BRIEF — Below is a listing; print exactly its lines from the one containing "Persische Ratternatter (Zamenis" down to the one containing "löwe löwin katzen", both inclusive, with every picture left out.

MATERIAL FOR THIS TASK —
----
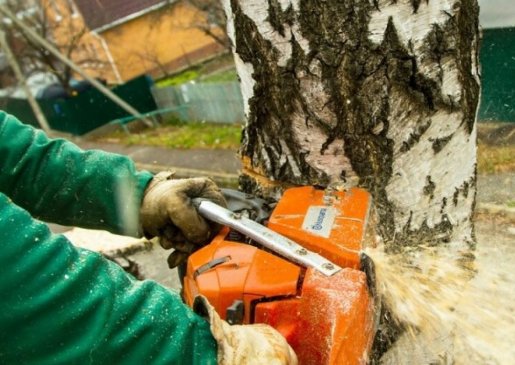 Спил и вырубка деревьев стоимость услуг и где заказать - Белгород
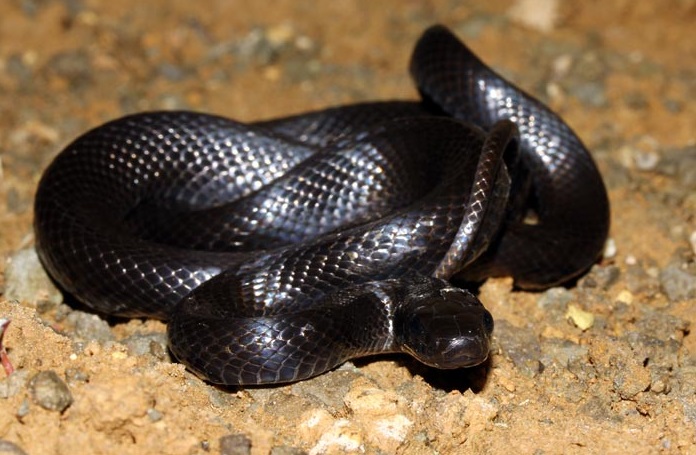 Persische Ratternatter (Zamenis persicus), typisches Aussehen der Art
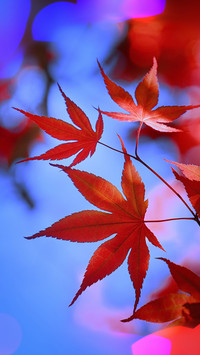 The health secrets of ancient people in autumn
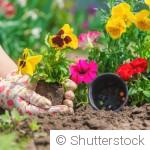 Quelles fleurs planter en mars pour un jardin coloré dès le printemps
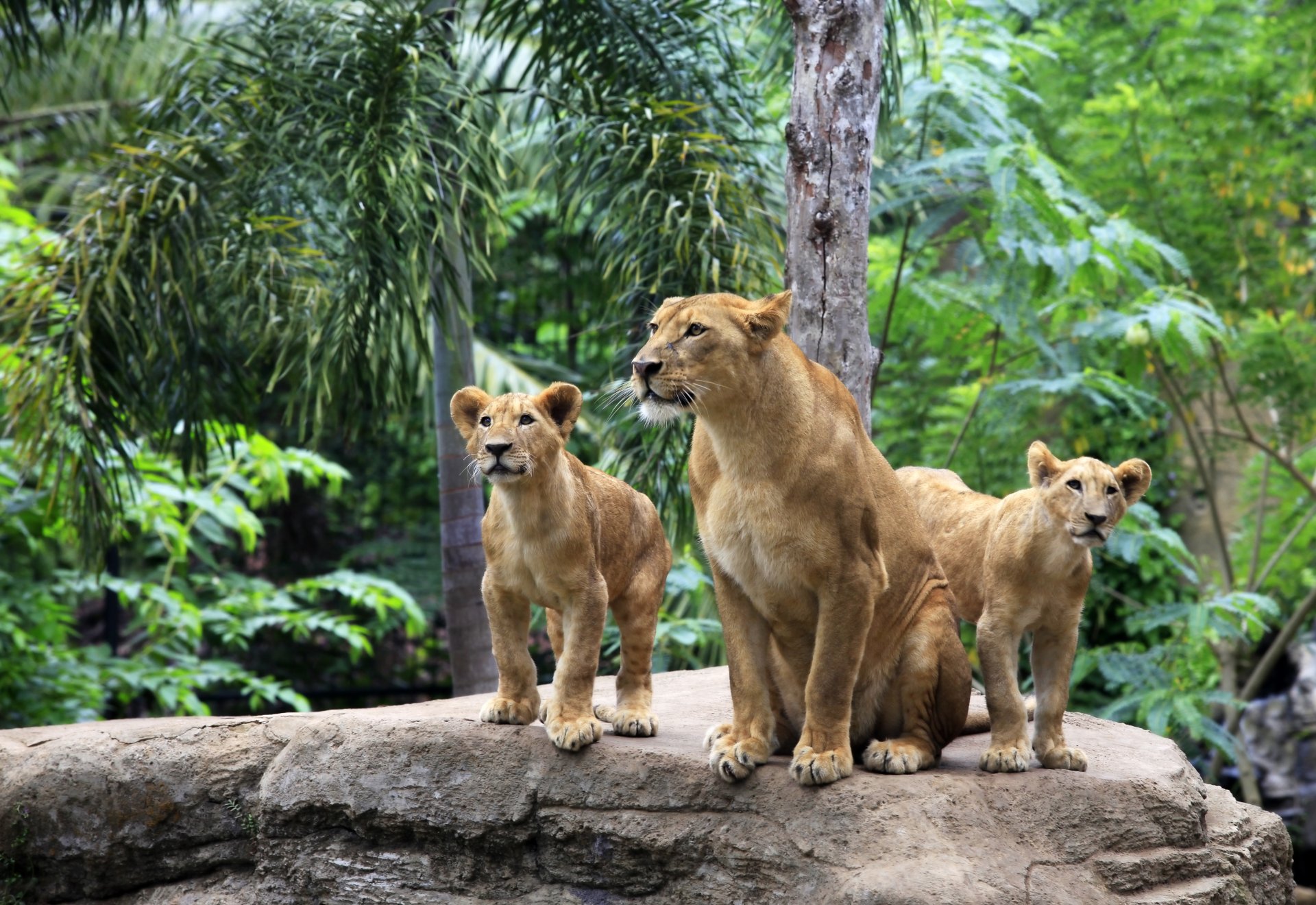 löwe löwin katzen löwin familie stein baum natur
----
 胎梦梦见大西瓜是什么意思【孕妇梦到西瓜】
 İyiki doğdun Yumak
----
SOLUTION TO THIS PROBLEM —
 Persische Ratternatter (Zamenis persicus), typisches Aussehen der Art
 The health secrets of ancient people in autumn
 Quelles fleurs planter en mars pour un jardin coloré dès le printemps
 löwe löwin katzen löwin familie stein baum natur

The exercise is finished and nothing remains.